A decisão de Trump gerou confusão no ICE e pode limitar o escopo de sua prometida “maior operação de deportação da história”. A exclusão de fazendas e hotéis — que empregam milhões de imigrantes — reduz o impacto prático da operação e revela a contradição entre discurso eleitoral e realidade econômica.

A relutância em atacar setores críticos para sua base também levanta dúvidas sobre como Trump pretende implementar suas promessas, especialmente com protestos crescentes e oposição legal se acumulando nos tribunais.
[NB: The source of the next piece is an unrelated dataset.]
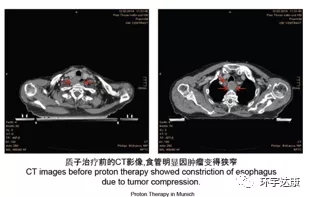 食管癌CT影像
Por ora, enquanto a retórica nas redes sociais persiste, trabalhadores imigrantes seguem nos campos — com medo, mas ainda em atividade. “Se as batidas continuarem, haverá frutas apodrecendo nas plantações”, alerta Romero. “E preços mais altos nos mercados.”

“Mostre, não diga”

A frase de Teresa Romero resume o sentimento de muitos defensores dos direitos dos imigrantes: não basta publicar uma mensagem branda nas redes sociais. Se Trump de fato pretende proteger setores essenciais da economia — e os trabalhadores que os mantêm —, precisa transformar palavras em ordens claras e permanentes.

Enquanto isso não acontece, milhares de famílias imigrantes continuam vivendo sob a ameaça diária de serem separadas, deportadas e esquecidas — mesmo sendo, como o próprio presidente reconheceu, “trabalhadores muito bons e de longa data”.